Pasó aquellos meses de convivencia conmigo apagándose y encendiéndose cuando le daba la gana y dejándome la cara roja cuando lo llevaba al taller, porque nadie supo nunca qué era lo que le pasaba.
Y esas navidades, cuando yo creía que iba a tener que sufrir siempre los cambios hormonales de mi sierra heredado, llegó mi coche. Quedé un poco decepcionada al principio. Esperaba un coche pequeño, un polo, un fiesta...y lo que me habían comprado mis padres era un Mazda 323 verde inglés (esto es, oscuro) con un maletero enorme: me habían regalado un coche de padre. Pero nos conocimos en el concesionario y el idilio cuajó. Desde entonces, hace ya diez inviernos, no nos hemos separado nunca. Siempre le decía lo mismo a mis amigas, que se tronchaban, "Prefiero estar sin novio que sin coche", porque cuando vives a 30 kilometros de Madrid tu vida de estudiante es bastante infernal, dependiendo siempre de los trenes y los buhos, y en mi caso, con ningún amigo que tuviera coche tampoco, la cosa se agravaba.
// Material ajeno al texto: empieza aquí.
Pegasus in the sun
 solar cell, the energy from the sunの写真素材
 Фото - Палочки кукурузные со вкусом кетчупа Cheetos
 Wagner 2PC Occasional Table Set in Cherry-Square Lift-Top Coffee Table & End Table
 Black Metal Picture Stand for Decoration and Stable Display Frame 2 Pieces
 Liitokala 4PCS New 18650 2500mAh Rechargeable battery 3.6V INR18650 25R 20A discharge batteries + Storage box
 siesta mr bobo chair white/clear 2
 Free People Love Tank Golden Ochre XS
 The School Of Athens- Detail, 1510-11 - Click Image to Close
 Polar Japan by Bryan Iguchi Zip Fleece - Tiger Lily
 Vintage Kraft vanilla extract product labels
El coche tiene 180.000 km y funciona como una seda. Nunca ha ido al taller más que para revisiones, nunca me ha dejado tirada, nunca me ha fallado. He recorrido España de arriba a abajo con él- Era el coche oficial de los viajes con mis amigas -aunque fuésemos cinco, nos entraban las maletas de todas-. Hemos atravesado el puerto de El Escudo con niebla, diluviando y con viento, y Despeñaperros nevado. Ha soportado varias mudanzas, quizás la más graciosa, la de mi amiga Raquel cuando dejó su piso de Gran Vía un sábado a las ocho de la mañana: todo el mundo volviendo de fiesta y nosotras cargando el coche tres veces para cruzar Madrid esquivando la vuelta ciclista. He llevado una mesa de comedor con ocho sillas, y dos colchones de 90 a Santander abatiendo los asientos. Cuando trabajaba en Efe, hacía carreras con Loren en los túneles de Rios Rosas y siempre ganábamos mi Mazdita y yo. Me lo han multado hasta la saciedad y cuando era nuevo, me lo rayaron desde el morro hasta el maletero aparcado en la puerta de la universidad (tengo la teoría de que creían que era de un profesor) y la última vez que lo lastimé fue bajando a toda pastilla las plantas del garaje de la empresa, dejándome el lateral contra una columna, un día que llegaba tarde a un acto institucional.
Ahora está un poco viejito y desde principios de año ando dándole vueltas a la idea de cambiarlo. Me da mucha pena, de hecho, hace unos meses decidí conservarlo hasta que dejase de funcionar. Pero, visto lo visto, tengo la impresión de que mi mazda es inmortal y que no voy a matarlo nunca. Así que si decido jubilarlo tendrá que ser porque yo quiera, porque él no parece tener ganas de retirarse de la circulación.